На слова юной девушки тридцатилетний Александр Печкуров только мысленно ухмыльнулся. Сколько у него было таких, которые так же пыжились, манерничали, всё строили себя недотрог, а в итоге лили слёзы и клялись в любви. Хотя он выбирал для себя чаще женщин замужних. Есть некоторый нюанс, который нельзя проигнорировать даже такому ловеласу и беспринципному человеку, как лейтенант Печкуров. Это — невинность. Факты связи с замужней женщиной всегда можно скрыть. Она никогда не бывает невинна, потому и можно… С девицами сложнее. Они истерику закатить могут, да и часто столь наивны, что обязательно кому-нибудь расскажут.
Между тем, танец закончился. Печкуров галантно, выверенно поклонился и проводил Елизавету Дмитриевну к тому месту, с которого её и ангажировал на танец. И пока они возвращались к Алексею Михайловичу Алексееву, лейтенант не проронил ни слова. Более того, он словно игнорировал Лизу, смотрел демонстративно только вперед.
Александр Печкуров знал, что делал. Он понимал, что молчание кавалера будет будоражить сознание девушки, потворствовать тому, что её ещё не окрепшая психика и разум будут искать ответы. Почему же он ничего не сказал, почему не выразил никакого восхищения после танца? Может быть, она что-то сделала не так? Недостаточно грациозно танцевала или, что куда хуже, вела себя излишне откровенно? Но в танце разговор велся весьма активно. Подобная уловка, по мнению Печкурова, работала всегда и со всеми дамами, даже со зрелыми и опытными в свете.
Елизавета Дмитриевна проводила глазами своего впечатляющего кавалера, задумываясь над тем, что она сделала не так, что он даже не поблагодарил её, а только вернул под присмотр дядюшки. Между тем, это её второй выход в свет. Если не считать приём Шабарина, но те дни Лиза уже считала, скорее, репетицией перед главными мероприятиями.
Разум Елизаветы сопротивлялся, но чувства начинали брать верх. Она хотела опереться на это сильное плечо, иметь рядом с собой защитника, того, кто заменил бы ей отца во всём, и был больше, чем родитель. Алексанр представлялся Лизе опытным мужчиной, он старше её, он, судя по всему, богат. Ведь две тысячи душ — это заметное состояние, это большие земли и возможности. А то, что он бывал на балах в Петербурге, что его батюшка прославленный, судя по словам самого Александра, генерал, делало партию очень даже перспективной.
Ну а то, что Алексей Николаевич к своим годам не женат, так офицер же, ещё и флотский. Такие обычно женятся в зрелом возрасте, когда оставят службу.
— Кто таков? — строго спросил дядя у Лизы, выбивая ее из пелены грез. — Я вижу тебя такой впервые.

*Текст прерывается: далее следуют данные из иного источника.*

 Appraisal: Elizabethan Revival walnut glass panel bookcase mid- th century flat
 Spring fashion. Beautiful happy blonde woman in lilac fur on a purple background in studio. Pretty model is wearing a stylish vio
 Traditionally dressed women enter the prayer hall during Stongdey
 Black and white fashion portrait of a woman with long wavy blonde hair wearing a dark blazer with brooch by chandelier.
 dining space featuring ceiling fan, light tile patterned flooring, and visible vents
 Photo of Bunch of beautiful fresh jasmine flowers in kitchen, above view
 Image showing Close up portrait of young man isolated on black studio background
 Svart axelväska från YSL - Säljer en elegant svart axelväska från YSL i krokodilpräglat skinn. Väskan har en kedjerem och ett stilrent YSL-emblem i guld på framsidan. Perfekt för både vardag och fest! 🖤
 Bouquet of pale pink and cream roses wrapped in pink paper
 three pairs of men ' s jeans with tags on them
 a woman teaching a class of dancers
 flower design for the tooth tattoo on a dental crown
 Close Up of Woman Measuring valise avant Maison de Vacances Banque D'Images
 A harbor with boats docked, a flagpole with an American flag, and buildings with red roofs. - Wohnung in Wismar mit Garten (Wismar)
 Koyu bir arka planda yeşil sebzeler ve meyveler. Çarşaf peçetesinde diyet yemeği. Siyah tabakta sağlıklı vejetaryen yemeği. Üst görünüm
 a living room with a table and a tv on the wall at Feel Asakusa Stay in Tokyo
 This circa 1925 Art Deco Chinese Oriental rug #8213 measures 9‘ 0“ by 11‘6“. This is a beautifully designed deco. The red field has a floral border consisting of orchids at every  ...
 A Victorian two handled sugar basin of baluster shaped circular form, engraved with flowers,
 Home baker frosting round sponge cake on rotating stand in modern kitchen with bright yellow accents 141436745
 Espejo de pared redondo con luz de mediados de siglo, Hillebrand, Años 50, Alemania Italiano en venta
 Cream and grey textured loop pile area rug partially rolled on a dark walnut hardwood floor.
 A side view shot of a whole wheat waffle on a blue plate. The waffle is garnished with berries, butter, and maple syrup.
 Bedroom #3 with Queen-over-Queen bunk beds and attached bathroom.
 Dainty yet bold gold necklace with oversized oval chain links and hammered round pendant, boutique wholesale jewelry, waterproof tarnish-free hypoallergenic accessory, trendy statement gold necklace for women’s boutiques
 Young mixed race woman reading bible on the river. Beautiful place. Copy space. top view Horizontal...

С Миклашевским ты холодна, с Шабариным так и вовсе словно лед. А тут… Не спеши, Лиза, мечтать. Сперва нужно узнать, что это за офицер, из какой семьи, что имеет за душой.
Девушка спокойно начала рассказывать о Печкурове то, что он сам ей и рассказал, и в какой-то момент Лиза поймала себя на мысли, что несколько даже приукрашивает Александра. Она даже прибавила ещё две сотни к двум тысячам крепостных душ, что были у ее кавалера, который промолчал про братьев, да и цифры завысил. Но ей почему-то сильно хотелось, чтобы дядюшка тотчас же проникся и оценил выбор Лизы.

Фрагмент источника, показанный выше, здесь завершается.